Computers generate random numbers the same way. Well, sort of - they don't simulate the physics of three-dimensional dice being buffeted by air currents and bouncing off things - they do something that doesn't require such a complicated program but the same principle is at work. One reasonably common one (not the best, but fine for uses such as games) is to multiply by 22695477, add one and then take the remainder after divison by 4294967296. If I give you the sequence 953210035, 3724055312, 1961185873 you'd be hard pushed to tell me that those numbers were generated by that formula starting from the number 42 (maybe not quite so hard pushed as telling me the precise forces acting on dice given the numbers that came up but you get the idea). Other random number generators use the same idea but with more complex formulae to make the patterns even more obscure.
The problem with this method is that (as with any computer program) given the same input you're going to get the same output every time. And indeed this was a problem with some home computers and calculators in the 80s - if you tried to use the random number generator right after turning the machine on you'd get the same "random" numbers each time. The solution is to "seed" the random number generator somehow. The usual method is to use the current time. While it's predictable in some sense, you will get a different random sequence every time in practice so for most purposes you will never notice a pattern.
For some other purposes (like generating cryptographic keys or passwords, which have to be unpredictable even to people who are trying very hard to predict them) just using the time isn't enough and you have to mix in other sources of unpredictability (or "entropy" to use the technical term). This is why some SSH clients ask you to bash on the keyboard or wiggle the mouse the first time they are run - someone who wants to intercept your communications would have to know exactly which keys you pressed and how you wiggled the mouse (with extremely high precision). This is very easy to get wrong (and difficult to know when you've got it wrong) and can lead to security holes. Hence the old saw that "generation of random numbers is too important to be left to chance"! Some computers even have hardware built in which generates random numbers from unpredictable physical processes like thermal noise or quantum wavefunction collapse.

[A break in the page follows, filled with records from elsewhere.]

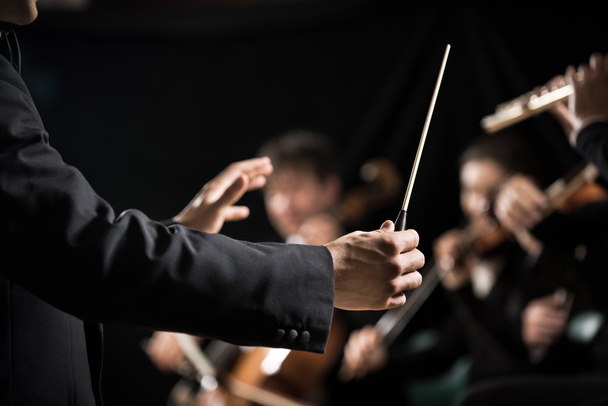 Conductor directing symphony orchestra - 写真・画像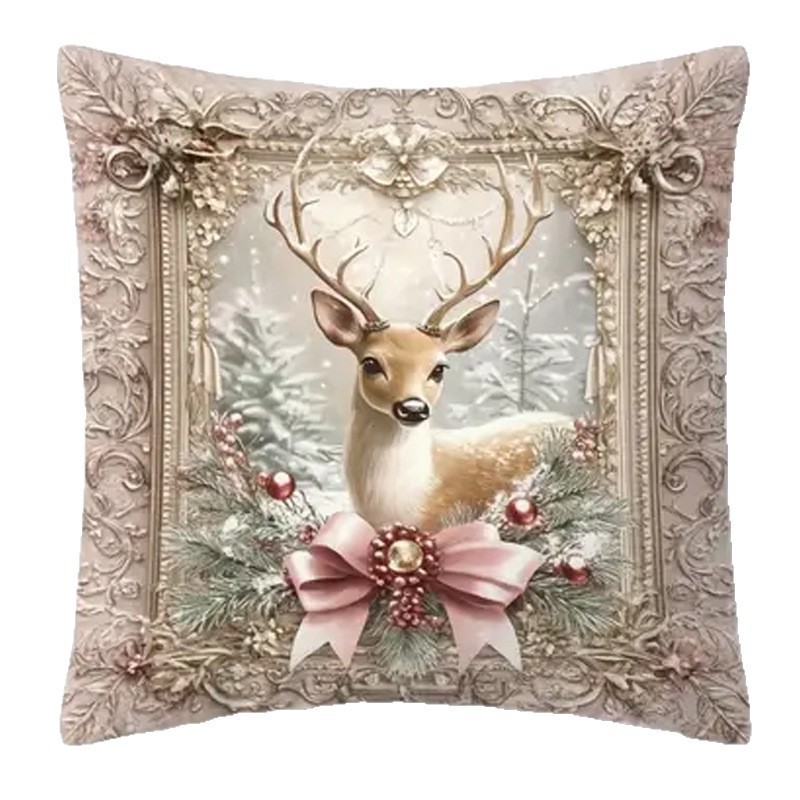 Christmas pillowcase, pink snowman reindeer home festival decoration atmosphere, Santa Claus sofa cushion cover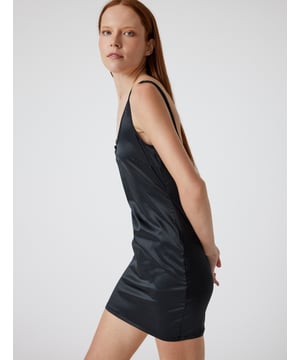 -Satin -Relax -Ohne Tasche -Volle  Länge -Ärmellos -Ärmellos -Rundhalsausschnitt -Nachthemd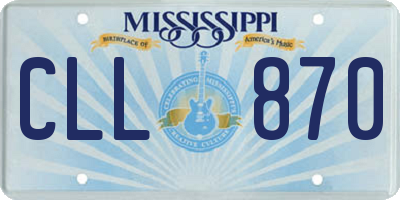 MS license plate CLL870
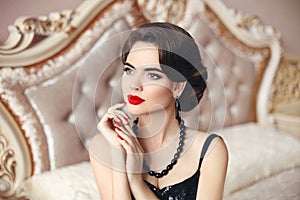 Beauty fashion woman model brunette, elegant lady portrait. Mani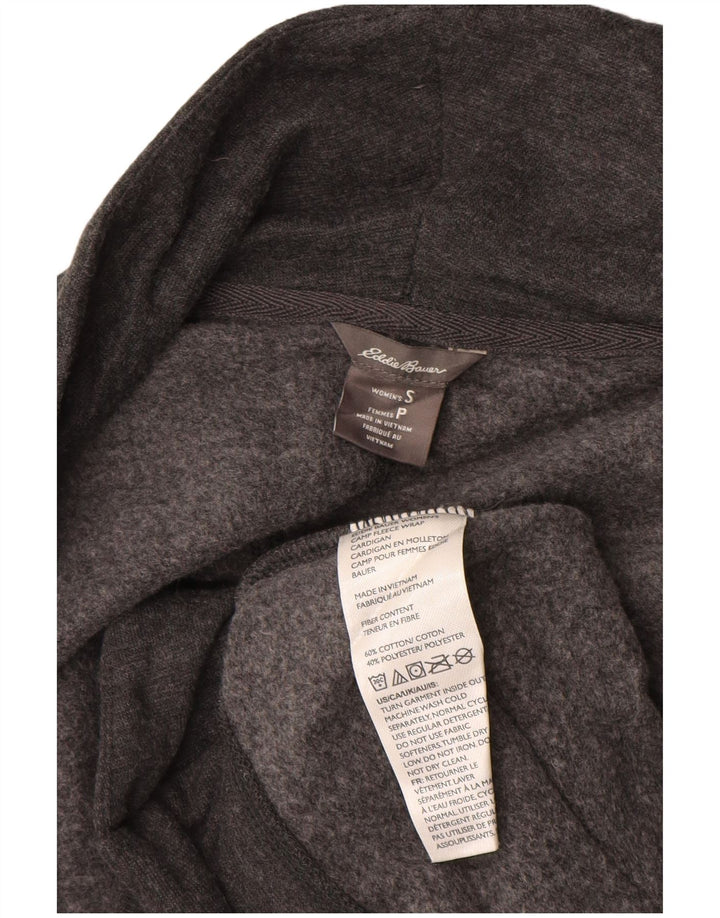 Eddie Bauer ženski preveliki otvoreni kardigan pulover UK 10 Mali sivi pamuk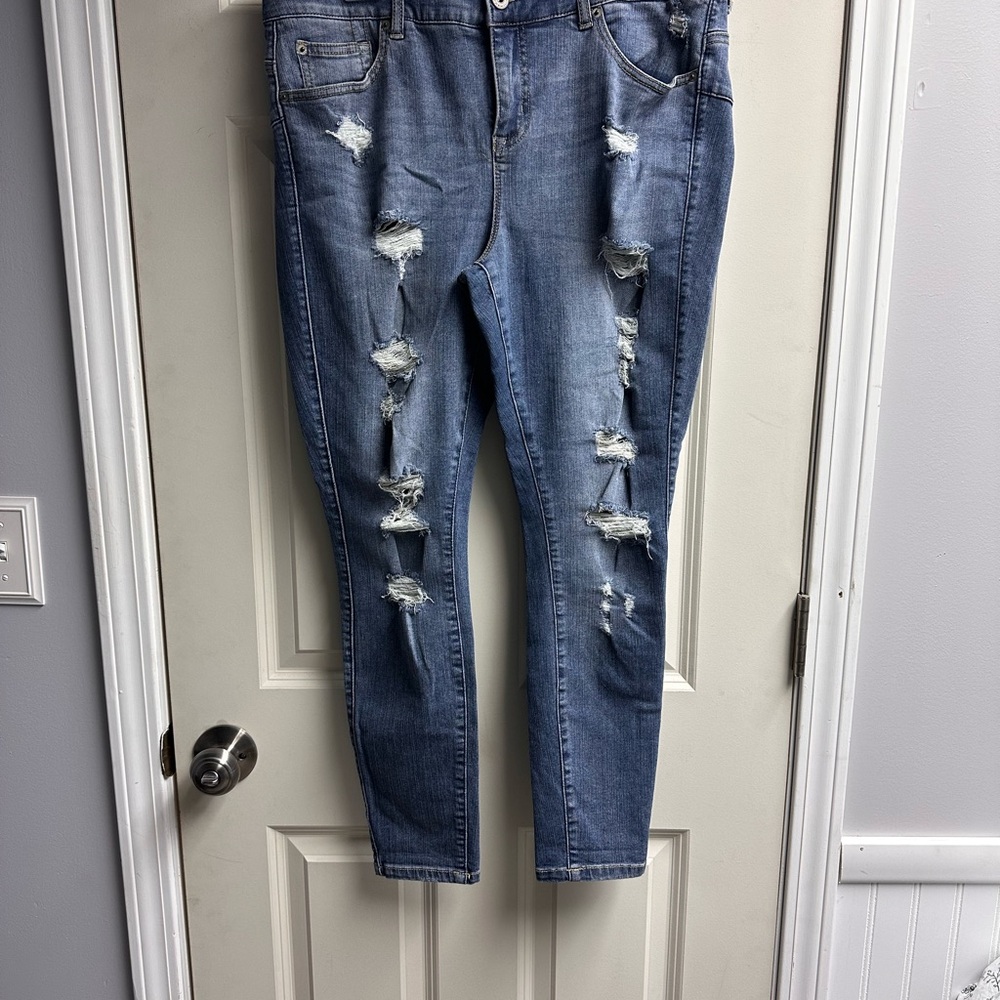 Torrid Distressed Skinny Jeans in Blue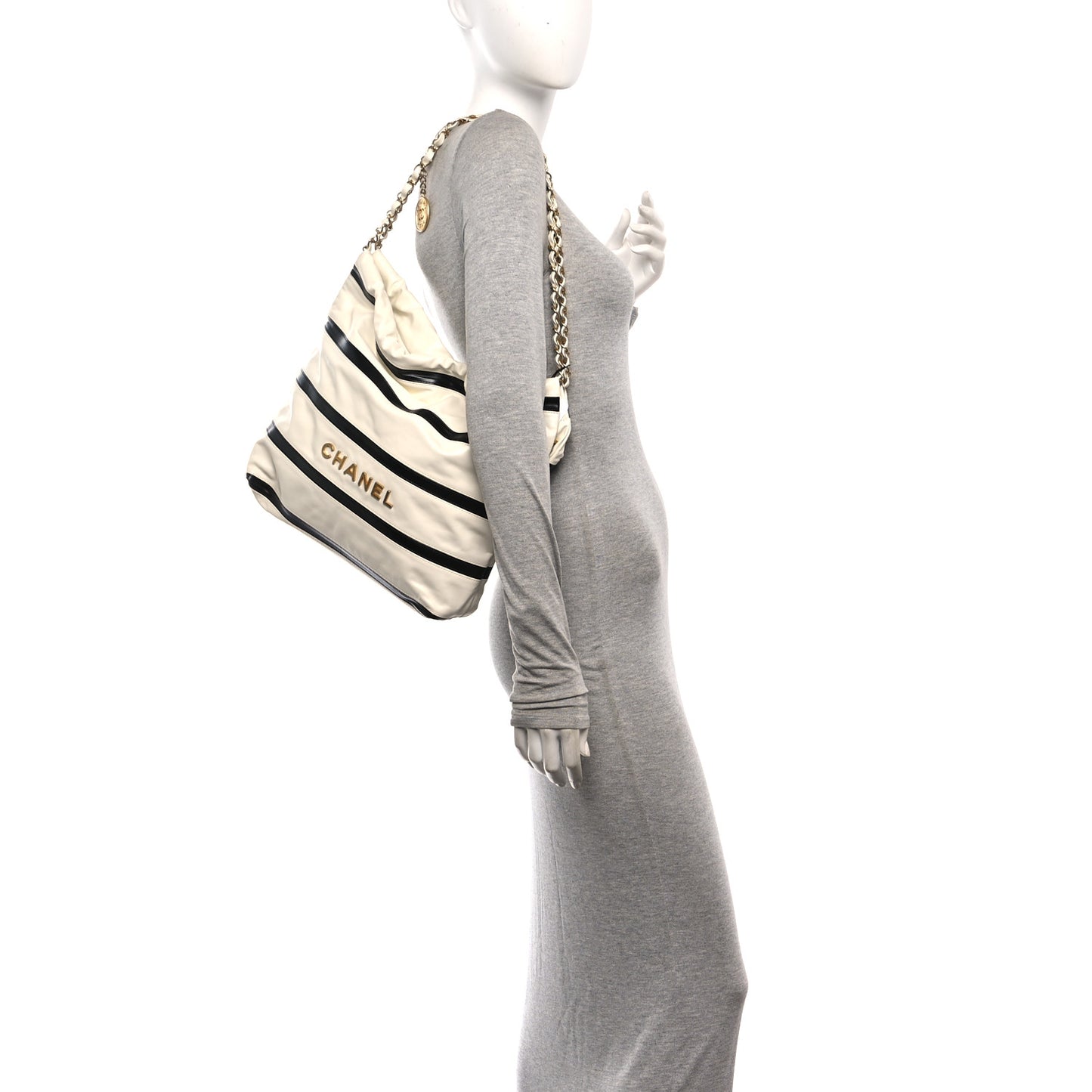 Shiny Calfskin Striped Small Chanel 22 Black White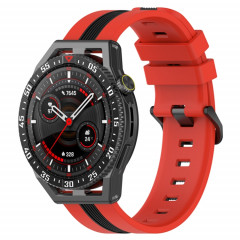Pour Coros Apex 46mm/Apex Pro/Ticwatch Pro 3 Bracelet de montre en silicone bicolore vertical 22mm (rouge + noir)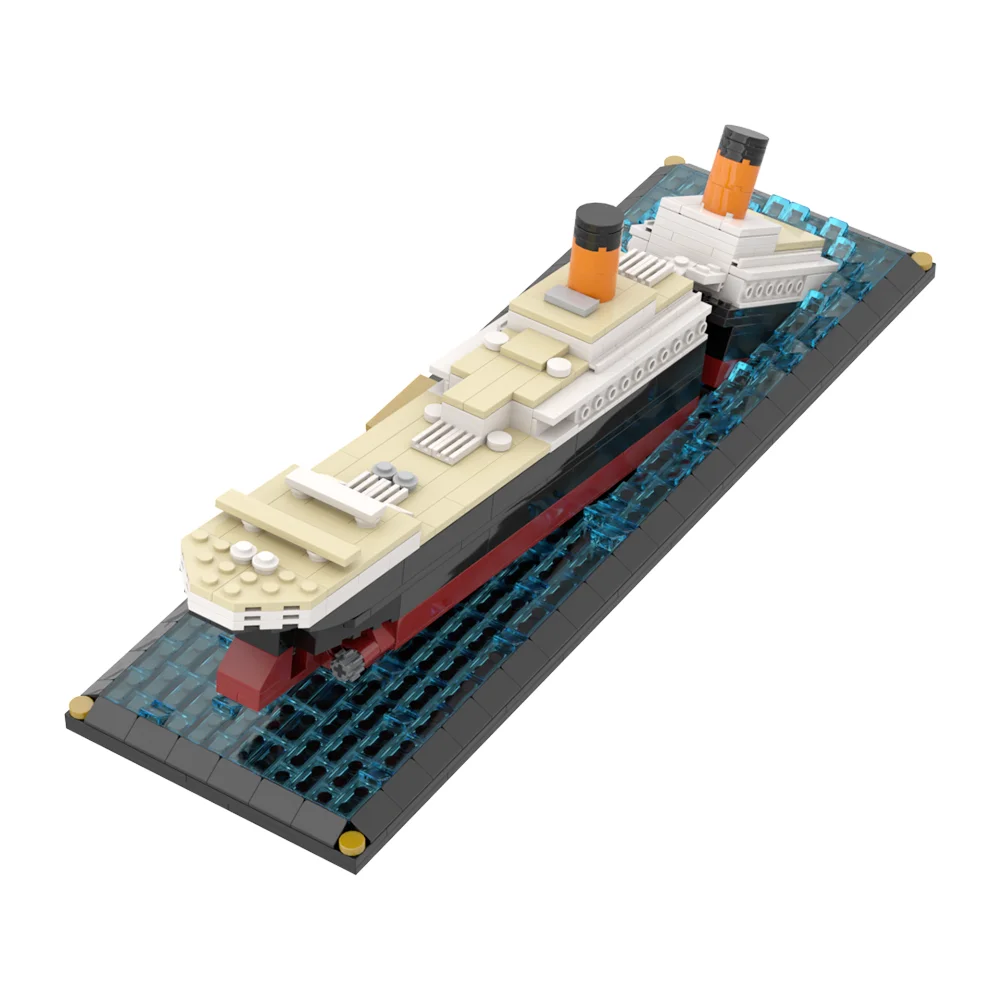 Gobrcks MOC RMS Mini Titanic Bricks Model Mini Titanic Building Blocks Cruise Ship Blocks Set Creative Educational Toys Gift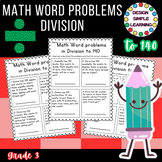 Math Word Problems in Division to 140 Worksheet Grade3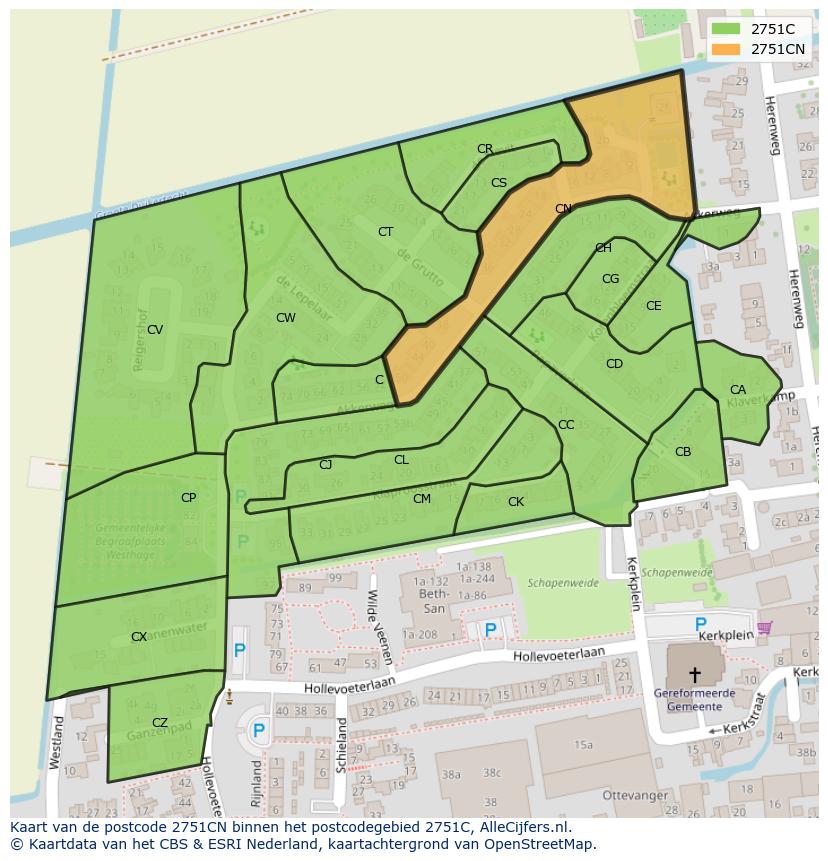 Afbeelding van het postcodegebied 2751 CN op de kaart.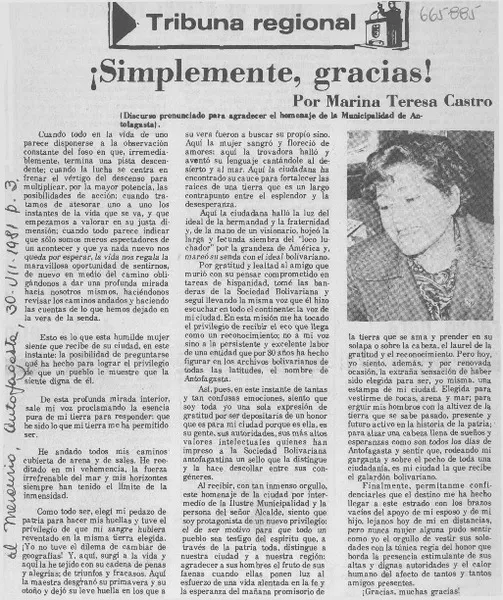 ¡Simplemente, gracias!  [artículo] Marina Teresa Castro.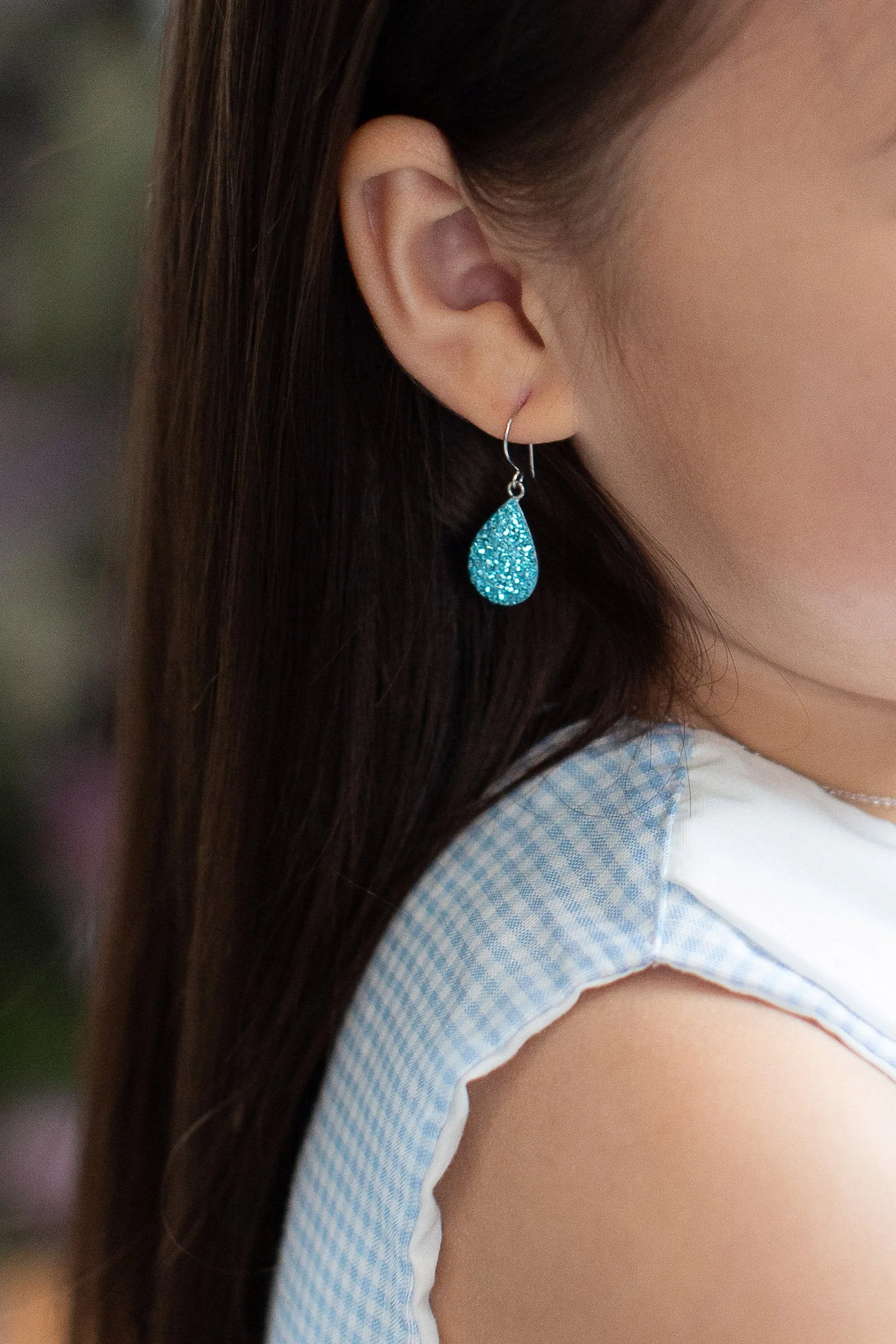 Swarovski Crystal Round Teardrop Silver Earrings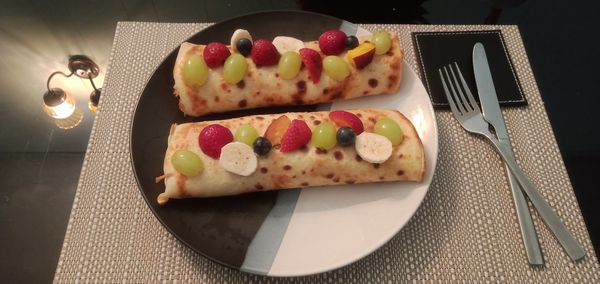 High angle view of dessert in plate on table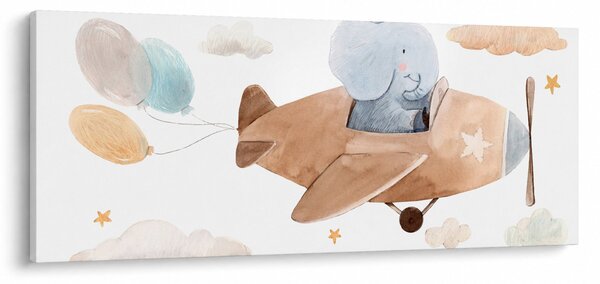 Slika - Akvarel slon u avionu (120x50 cm)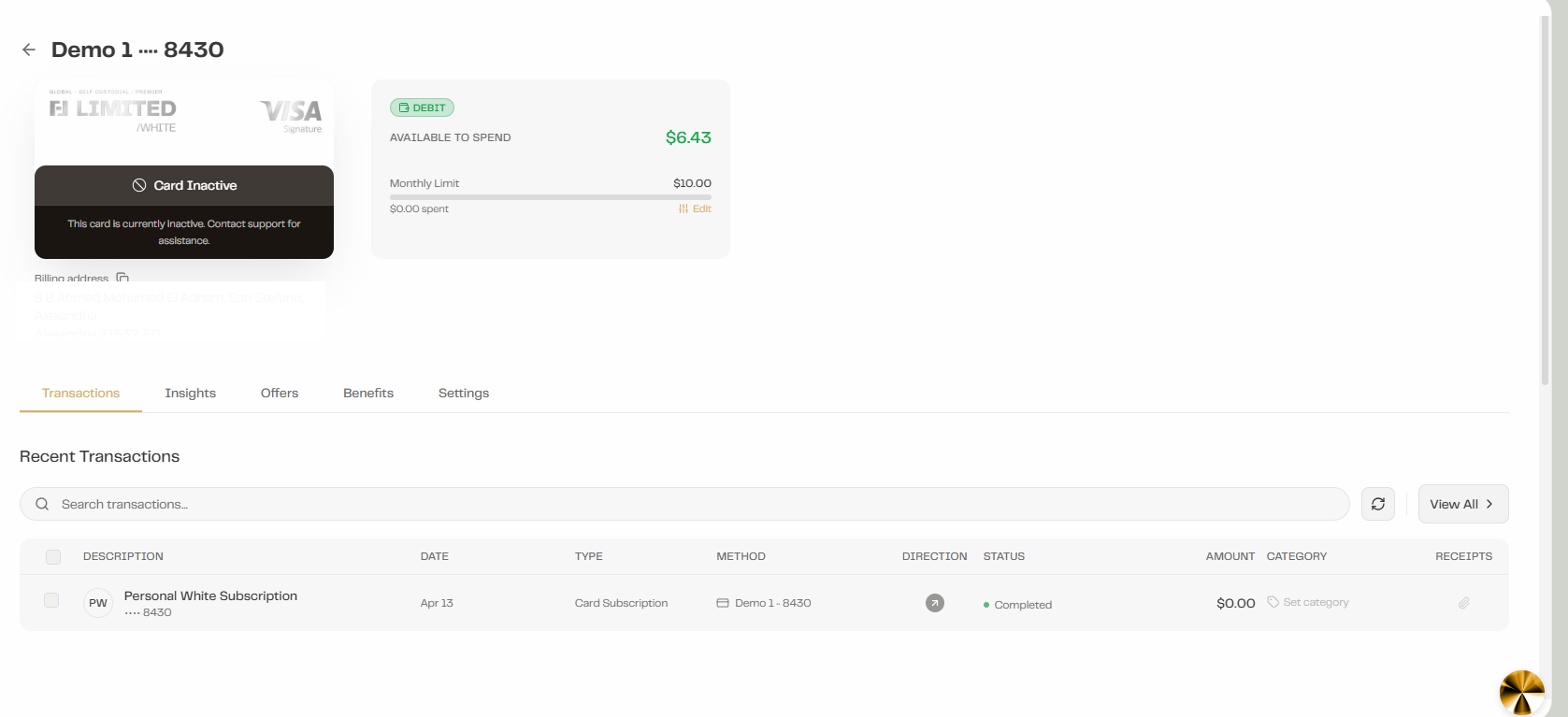 Viewing card transactions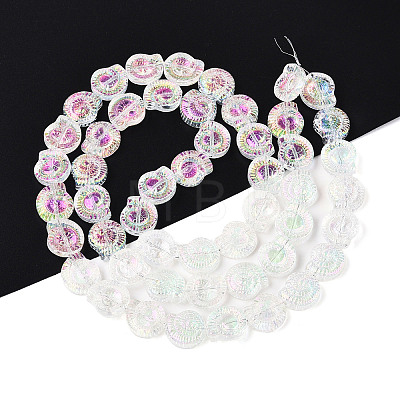 Electroplate Transparent Glass Beads Strands EGLA-S190-05A-1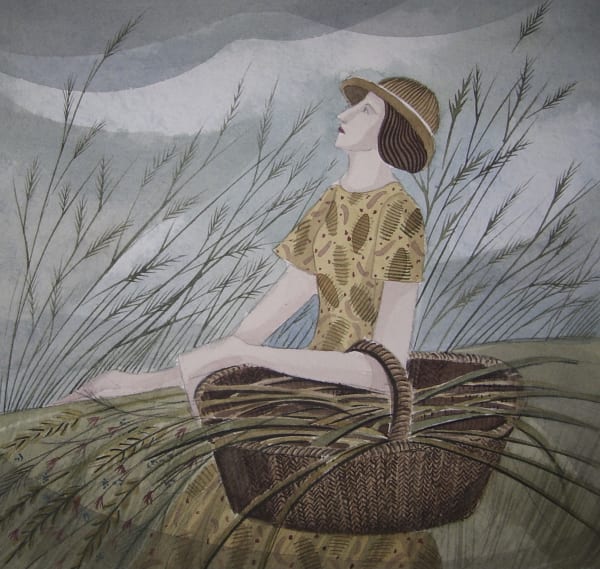 Gathering Grasses Watercolour 25 x 25 cm Madeleine Hand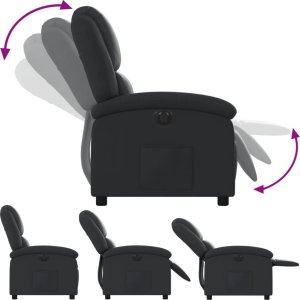 vidaXL Elektryczny fotel rozkładany, czarny 7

Once you've got a sequence of (pseudo-)random numbers evenly distributed over some range (for example 0 to 4294967295 in the above example) there are a variety of techniques to massage these into various different forms for different purposes. If you want an integer in the range 1 to 10 you can find the remainder after division by 10 and then add 1. If you want a random real number in the interval 0 to 1 you can divide by 4294967295. If you want numbers from a Gaussian distribution you can use a Box-Muller transform. And if you want to shuffle songs in your playlist you can start with an empty playlist and add a random song to it (removing it from the original playlist each time) until the original playlist is empty.
This last algorithm has a flaw in some sense (though it's more of a flaw in our brains). While all possible orders are equally likely, it will tend to play two songs in a row by the same artist more often than you would expect (just look at the bug database for any open source media player application to see the evidence for this). The problem isn't that the numbers aren't random enough, it's just that that if you have n artists in your playlist you'll see this phenomenon once every n songs on average. The problem is that we tend to notice this when it happens, and because the times when it happens stand out more than the times when it doesn't the problem seems to be worse than it really is. Another factor is that we are used to radio stations, which deliberately avoid doing this by hand-picking the order of songs rather than using a random shuffle. Some media player applications have appeased the complainers by actually making their shuffle features *less* random - adjusting the algorithm so it avoids picking orders which have two songs by the same artist in a row. This seems hacky to me, but if users like it I suppose I can't disagree with that.